Climate Change and Marine Life

Climate change affects everything on the planet and sea life is no exception. Since the Industrial Age began large amounts of CO2 and other greenhouse gases have had a tremendous impact on the world’s oceans.

When solar energy reaches the Earth it gets reflected back into space or is absorbed and is expressed as heat. Greenhouses gases cause some of this heat to be trapped and it is the accumulation of more and more greenhouse gas that is causing the increasing heat causing global warming.

In addition to soaking up all of this excess heat, oceans also absorb the excess carbon dioxide which changes the chemistry of the seawater making it more acidic. The more acidic it becomes the more it affects sea life. The acidification of the world’s oceans is an inescapable consequence of increased CO2 in the atmosphere and cannot be attributed to any other cause.

Practically everything that exists in the oceans from bacteria to coral to blue whales is influenced by the acidity levels of the seawater. It could literally take thousands of years to reverse what humans are presently doing to the ocean’s PH.

According to a new study published in the Proceedings of the National Academy of Sciences(PNAS), if climate change is allowed to keep on its current pace we will probably see a loss of at least 17% of marine life by the end of this century. For each 1.8 degree Fahrenheit rise in temperature the total mass of sea animals is projected to drop by 5% according to a computer based study by an international team of marine biologists. What is even more disturbing is that these numbers do not even take fishing into account.

If carbon pollution is reduced the losses of sea life could be reduced to as low as 5%. If we do not have a major reduction in greenhouse gases there will be a massive extinction event in the world’s oceans.
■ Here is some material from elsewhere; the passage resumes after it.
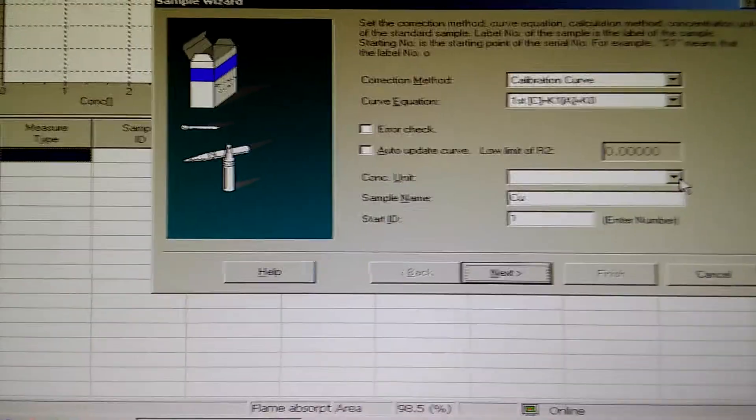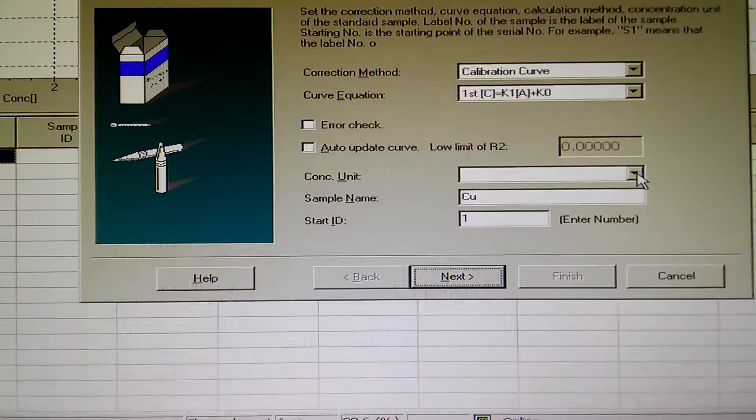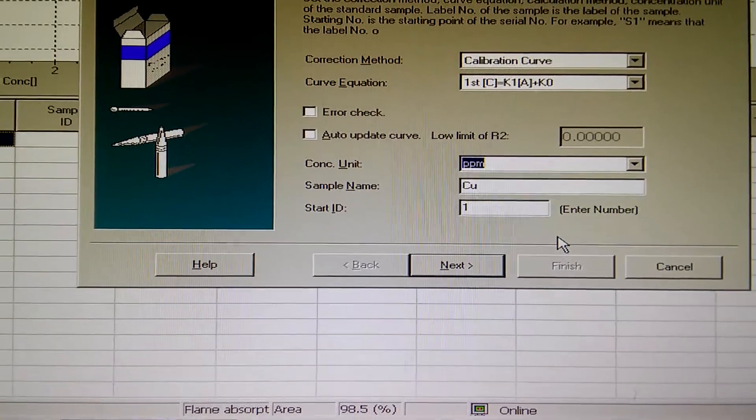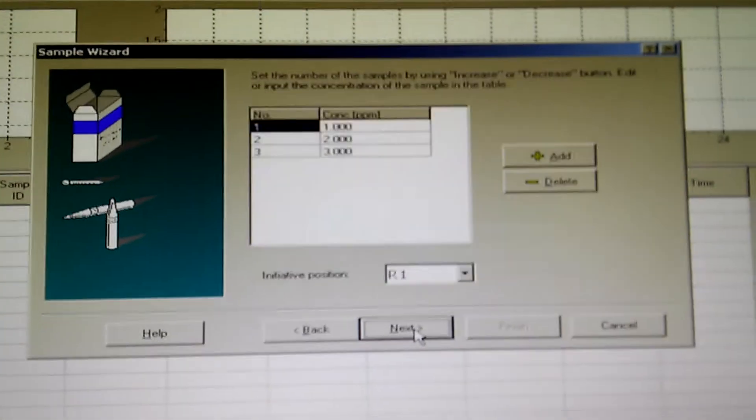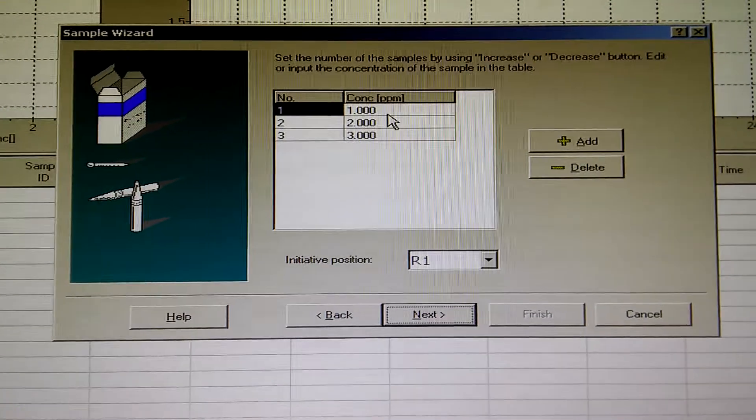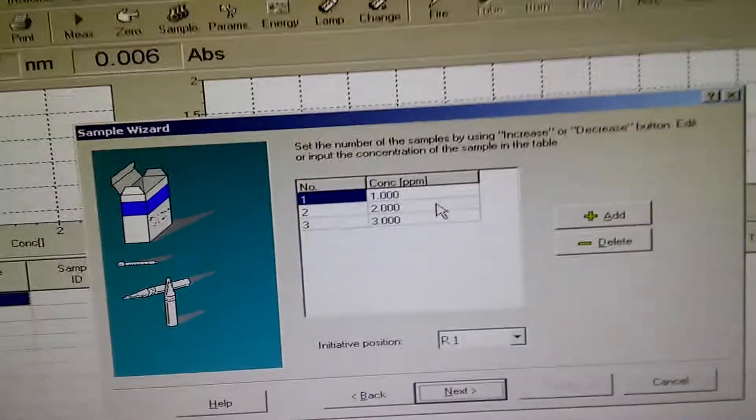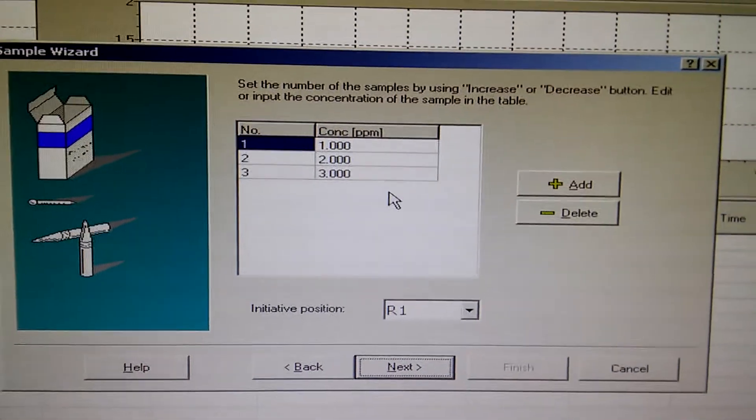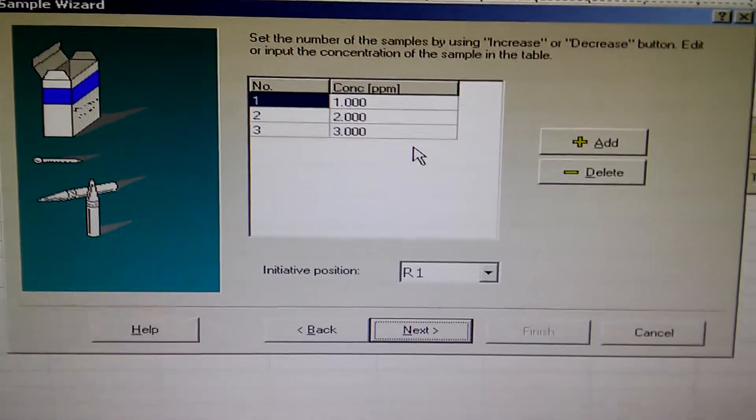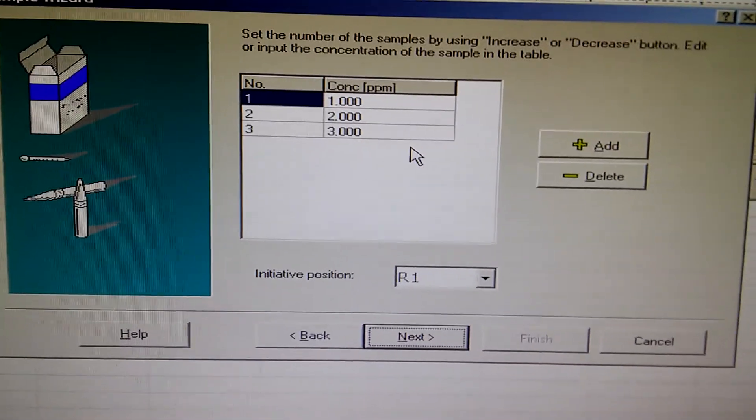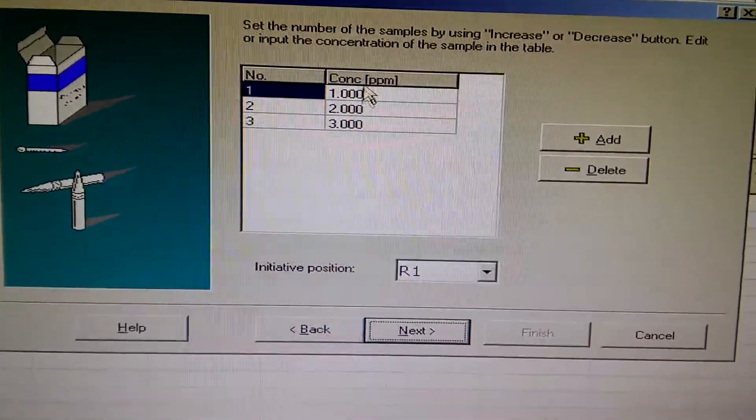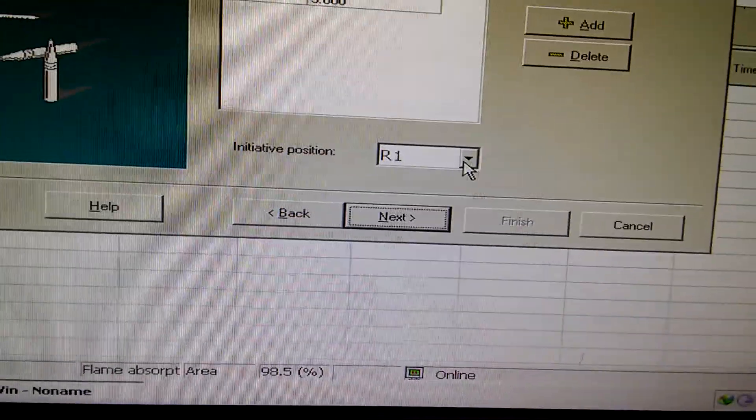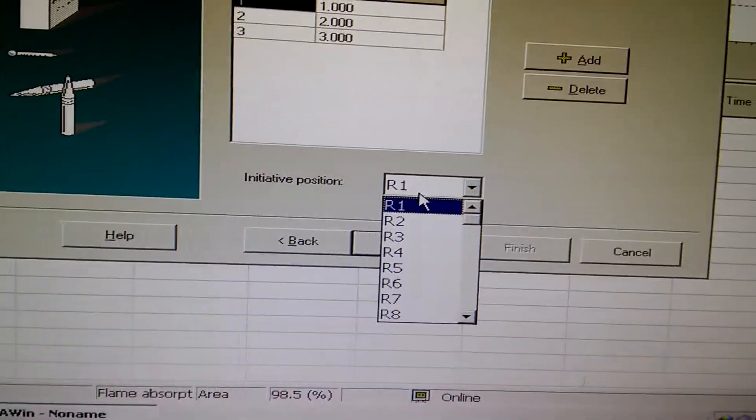These are the settings. Concentration unit, I'm going to use the parts per million, ppm. Press next. Now I have three different concentrations: one, two, and three ppm standard solutions to draw the calibration curve. I put these standards starting with R1.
This is not theory, it is already happening.

The Effect on Food Supplies

Even the most callous of people that may not care about the loss of sea life will change their tune when they realize that it will also have an immense impact on global seafood supplies and prices. This could also cause major conflicts around the world as countries become more protective of their resources, especially as human population continues to increase.

The largest animals will be hit the hardest and we are already seeing it with mass deaths of whales and other cetaceans all over the world. The only good news is that the lower life forms like bacteria and plankton which are the main building blocks of marine life may not die off as rapidly. Tropical and sub-tropical areas will see the greatest losses because of the fact that they are already warm.
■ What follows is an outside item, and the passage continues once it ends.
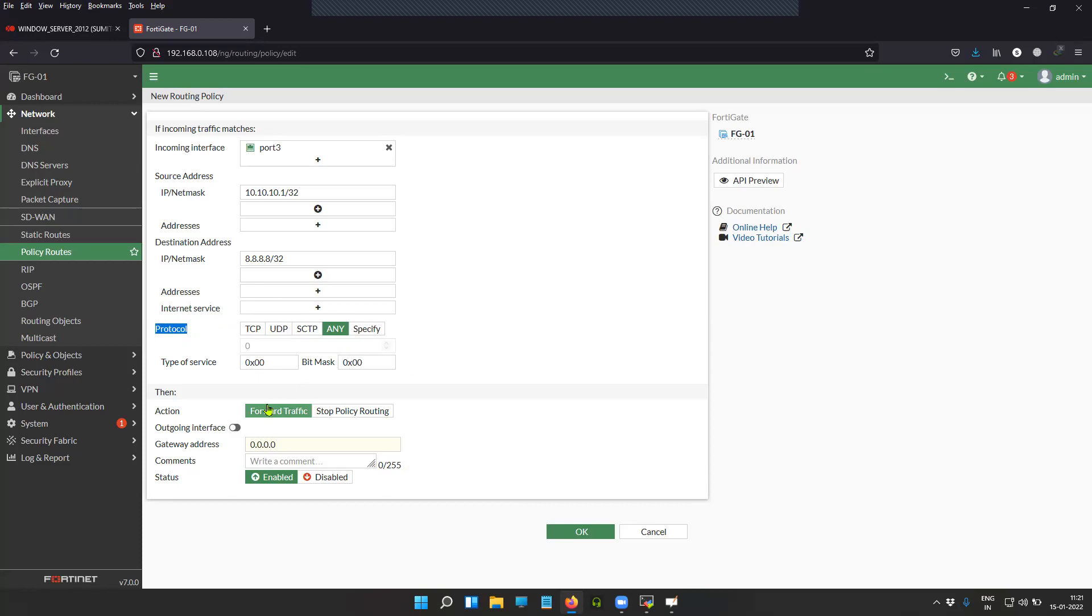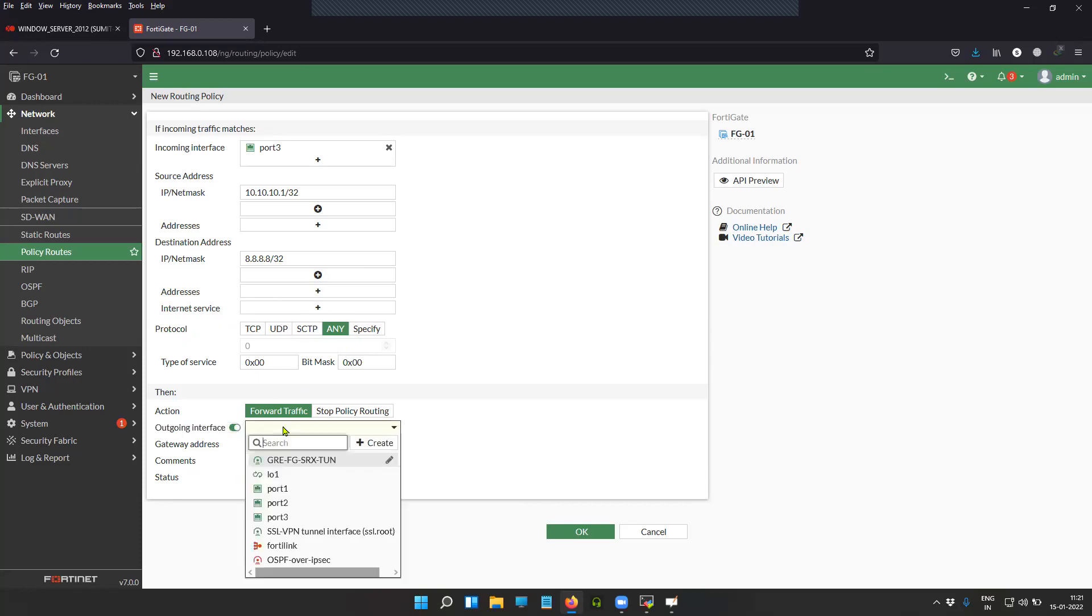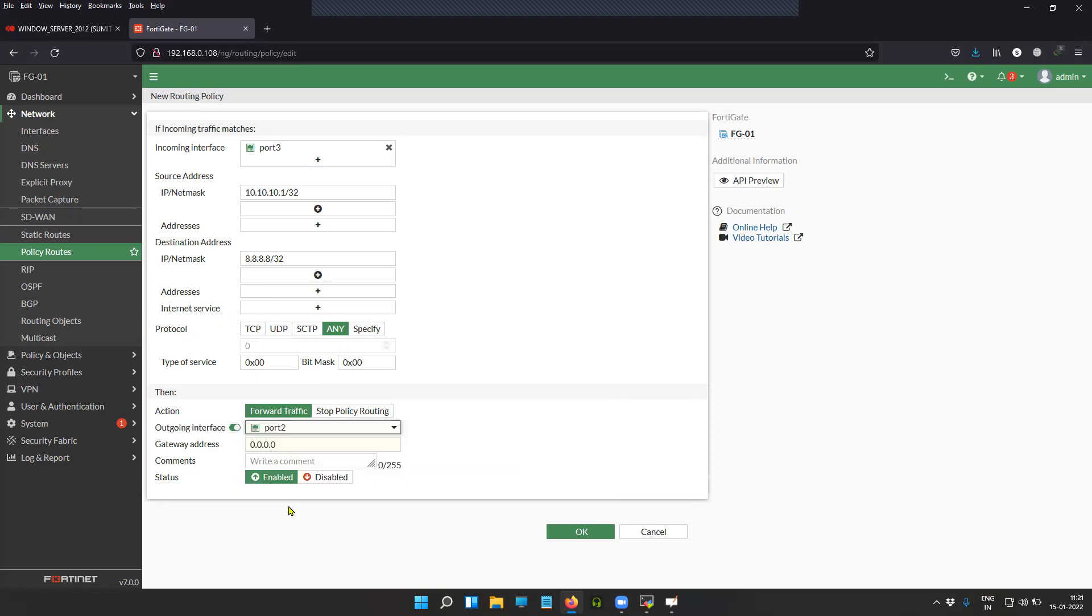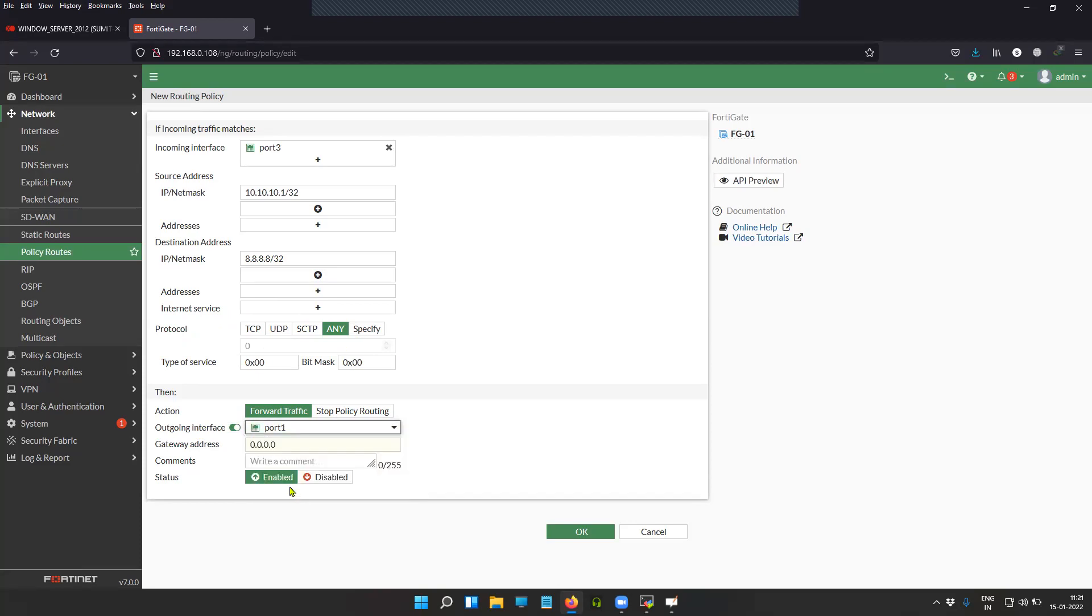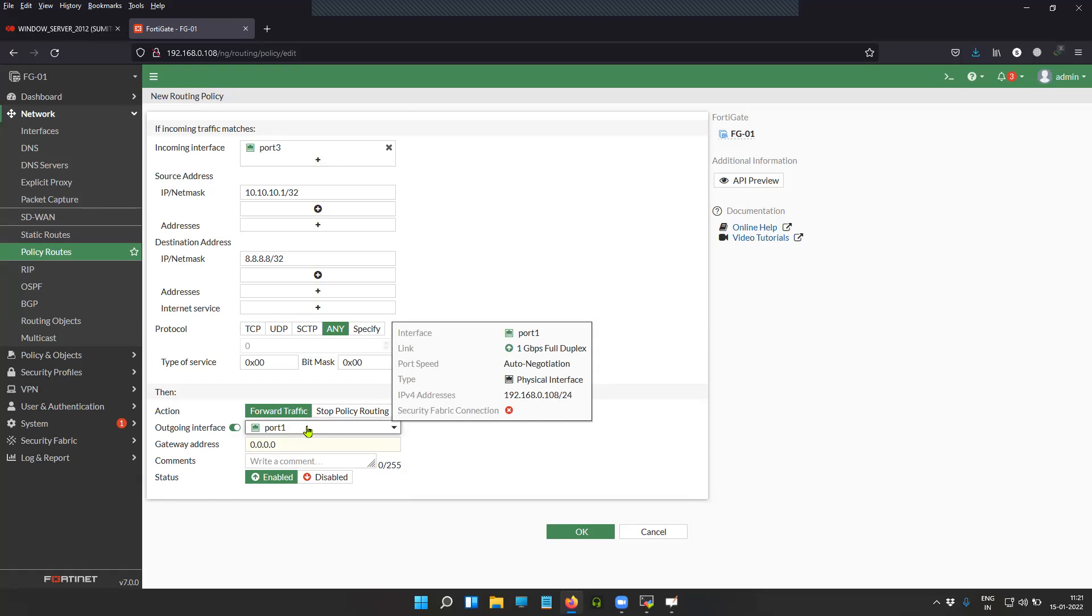In this scenario I am forwarding the traffic. You can click on outgoing interface, enable this button, click on port one. Port one is the outgoing interface with the IP 192.168.0.108 as per our network topology.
University of Georgia marine biologist Samantha Joye, who wasn’t part of the research, praised the study as meticulous and said it is also “an urgent call for action”.

“Healthy oceans are required for planetary stability,” Joye said. “Aggressive global action to slow climate change is a moral imperative.”

The inevitable result of human destruction of their own environment and ecosystems will be the destruction of humanity itself if humans cannot accept responsibility and do something to slow and reverse the damage that has been done to the planet over the last 150 years.